▶ Extracted records:
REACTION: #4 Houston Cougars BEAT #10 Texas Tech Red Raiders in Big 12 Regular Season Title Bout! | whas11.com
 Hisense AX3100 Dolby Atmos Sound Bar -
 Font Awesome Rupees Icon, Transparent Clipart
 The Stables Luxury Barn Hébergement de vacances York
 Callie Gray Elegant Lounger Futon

▶ Task to carry out: Print the full listing verbatim. Leave nothing out.

▶ Solution to the exercise:
REACTION: #4 Houston Cougars BEAT #10 Texas Tech Red Raiders in Big 12 Regular Season Title Bout! | whas11.com
 Hisense AX3100 Dolby Atmos Sound Bar -
 Font Awesome Rupees Icon, Transparent Clipart
 The Stables Luxury Barn Hébergement de vacances York
 Callie Gray Elegant Lounger Futon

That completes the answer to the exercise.